Here, we provide a systematic molecular dynamics (MD) study of the pulse duration and temperature dependence of spall strength in Al and Mg with a nonequilibrium concentration of vacancies. A superconcentration of single vacancies are randomly introduced into an otherwise perfect lattice, and the systems are allowed to evolve for up to 500 nanoseconds as a proxy for the pulse duration of a shock compression wave. Since these systems are nonequilibrium in nature, a time-dependent and temperature-dependent evolution of the microstructure ensues, which leads to a time- and temperature-dependent softening of the spall strength.

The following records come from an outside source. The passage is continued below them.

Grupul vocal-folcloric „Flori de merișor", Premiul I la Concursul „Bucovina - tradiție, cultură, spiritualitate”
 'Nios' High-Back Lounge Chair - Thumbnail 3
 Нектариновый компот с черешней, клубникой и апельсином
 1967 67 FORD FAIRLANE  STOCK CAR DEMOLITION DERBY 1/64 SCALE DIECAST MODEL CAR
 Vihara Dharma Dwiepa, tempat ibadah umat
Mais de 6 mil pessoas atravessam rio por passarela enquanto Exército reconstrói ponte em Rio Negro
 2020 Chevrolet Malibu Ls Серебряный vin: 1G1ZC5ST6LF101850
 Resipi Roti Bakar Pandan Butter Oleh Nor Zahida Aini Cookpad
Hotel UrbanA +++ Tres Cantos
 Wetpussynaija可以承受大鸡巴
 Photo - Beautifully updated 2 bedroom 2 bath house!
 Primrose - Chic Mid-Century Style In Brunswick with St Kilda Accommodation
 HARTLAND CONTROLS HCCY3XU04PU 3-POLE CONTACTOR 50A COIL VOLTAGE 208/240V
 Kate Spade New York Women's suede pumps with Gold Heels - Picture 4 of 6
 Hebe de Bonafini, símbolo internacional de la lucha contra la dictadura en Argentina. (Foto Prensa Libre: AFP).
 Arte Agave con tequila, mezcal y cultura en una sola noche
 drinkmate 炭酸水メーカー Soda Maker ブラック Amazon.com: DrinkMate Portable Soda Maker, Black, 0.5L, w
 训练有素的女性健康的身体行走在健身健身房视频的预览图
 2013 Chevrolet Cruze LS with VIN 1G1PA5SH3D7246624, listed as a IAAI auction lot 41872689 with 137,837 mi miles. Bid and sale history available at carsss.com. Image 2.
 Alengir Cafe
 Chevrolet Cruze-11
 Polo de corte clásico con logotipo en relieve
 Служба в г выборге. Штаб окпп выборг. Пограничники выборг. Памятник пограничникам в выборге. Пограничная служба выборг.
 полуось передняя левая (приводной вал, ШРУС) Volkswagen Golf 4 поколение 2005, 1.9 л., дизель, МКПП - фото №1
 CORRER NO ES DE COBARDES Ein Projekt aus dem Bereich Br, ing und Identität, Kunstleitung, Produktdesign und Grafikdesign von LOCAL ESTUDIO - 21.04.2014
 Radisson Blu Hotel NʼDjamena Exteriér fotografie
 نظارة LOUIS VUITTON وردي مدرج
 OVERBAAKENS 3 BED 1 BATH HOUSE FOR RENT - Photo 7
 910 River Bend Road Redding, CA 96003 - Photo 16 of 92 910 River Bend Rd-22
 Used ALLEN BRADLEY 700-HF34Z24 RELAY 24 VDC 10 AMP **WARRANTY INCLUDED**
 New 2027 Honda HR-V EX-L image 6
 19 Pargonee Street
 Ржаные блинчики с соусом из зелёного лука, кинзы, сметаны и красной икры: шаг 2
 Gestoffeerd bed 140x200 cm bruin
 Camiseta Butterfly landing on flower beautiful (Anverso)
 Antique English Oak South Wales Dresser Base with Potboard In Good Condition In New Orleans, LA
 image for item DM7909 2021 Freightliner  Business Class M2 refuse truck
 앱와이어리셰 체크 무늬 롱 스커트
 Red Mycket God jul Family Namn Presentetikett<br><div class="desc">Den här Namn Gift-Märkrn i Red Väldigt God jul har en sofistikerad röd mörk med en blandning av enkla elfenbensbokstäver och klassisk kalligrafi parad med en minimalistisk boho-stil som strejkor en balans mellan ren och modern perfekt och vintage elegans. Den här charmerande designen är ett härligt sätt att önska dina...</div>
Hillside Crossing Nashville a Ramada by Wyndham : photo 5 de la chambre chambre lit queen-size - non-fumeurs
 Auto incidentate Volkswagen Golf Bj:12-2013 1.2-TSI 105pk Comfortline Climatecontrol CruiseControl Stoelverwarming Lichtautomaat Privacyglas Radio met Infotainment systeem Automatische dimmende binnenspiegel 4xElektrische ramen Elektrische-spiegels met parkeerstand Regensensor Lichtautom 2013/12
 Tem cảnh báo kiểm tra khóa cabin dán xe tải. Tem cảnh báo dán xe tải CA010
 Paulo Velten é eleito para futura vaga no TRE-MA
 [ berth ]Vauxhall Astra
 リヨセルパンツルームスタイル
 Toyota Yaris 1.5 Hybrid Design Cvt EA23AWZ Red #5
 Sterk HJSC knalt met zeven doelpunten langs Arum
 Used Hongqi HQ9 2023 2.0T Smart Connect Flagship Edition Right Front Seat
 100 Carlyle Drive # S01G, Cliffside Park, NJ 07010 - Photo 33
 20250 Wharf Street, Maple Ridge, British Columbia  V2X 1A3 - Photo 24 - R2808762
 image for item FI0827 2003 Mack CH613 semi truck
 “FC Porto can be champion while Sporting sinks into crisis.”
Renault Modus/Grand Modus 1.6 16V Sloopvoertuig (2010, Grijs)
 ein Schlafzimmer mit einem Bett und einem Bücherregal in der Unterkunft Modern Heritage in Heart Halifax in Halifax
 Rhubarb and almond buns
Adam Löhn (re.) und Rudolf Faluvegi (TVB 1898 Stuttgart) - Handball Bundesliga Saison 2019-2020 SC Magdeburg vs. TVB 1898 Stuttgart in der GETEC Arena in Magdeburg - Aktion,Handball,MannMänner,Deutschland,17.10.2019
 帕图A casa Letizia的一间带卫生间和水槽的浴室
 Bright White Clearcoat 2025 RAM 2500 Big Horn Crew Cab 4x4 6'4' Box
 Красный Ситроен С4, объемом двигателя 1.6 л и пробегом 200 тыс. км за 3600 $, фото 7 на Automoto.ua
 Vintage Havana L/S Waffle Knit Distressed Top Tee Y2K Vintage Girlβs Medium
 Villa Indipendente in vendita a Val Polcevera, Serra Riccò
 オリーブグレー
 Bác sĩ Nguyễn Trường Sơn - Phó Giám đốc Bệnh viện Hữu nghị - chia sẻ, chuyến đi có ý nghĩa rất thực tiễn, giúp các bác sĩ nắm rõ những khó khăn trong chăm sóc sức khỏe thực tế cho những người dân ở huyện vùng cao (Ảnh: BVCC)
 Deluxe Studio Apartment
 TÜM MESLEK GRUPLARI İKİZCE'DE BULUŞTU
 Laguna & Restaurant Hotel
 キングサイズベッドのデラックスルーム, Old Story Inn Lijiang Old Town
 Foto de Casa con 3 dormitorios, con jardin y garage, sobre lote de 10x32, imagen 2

Here, we report a large parametric study consisting of 196 MD calculations to quantify this softening in Al and Mg. We invoke the notion of time–temperature superposition from the field of viscoelasticity, and show that the results of our 196 MD calculations remarkably collapse onto a single master curve when normalized by an appropriate relaxation timescale. Lastly, a favorable agreement between the MD calculations and experimental measurements of thermal softening of spall strength is reported.

在这里，我们提供了一个空洞浓度不均衡的铝和镁中剥落强度的脉冲持续时间和温度依赖性的系统分子动力学（MD）研究。单个空位的超浓度被随机引入一个本来是完美的晶格中，并且允许该系统演化长达500纳秒，以替代冲击压缩波的脉冲持续时间。由于这些系统本质上是非平衡的，因此会发生随时间和温度变化的微观结构演变，这导致剥落强度随时间和温度变化的软化。在这里，我们报告了一项由196个MD计算组成的大型参数研究，以量化Al和Mg中的这种软化。我们从粘弹性领域调用时间-温度叠加的概念，并表明，通过适当的弛豫时间尺度进行归一化后，我们196次MD计算的结果显着倒塌到一条主曲线上。最后，据报道在MD计算和剥落强度的热软化的实验测量之间达成有利的一致性。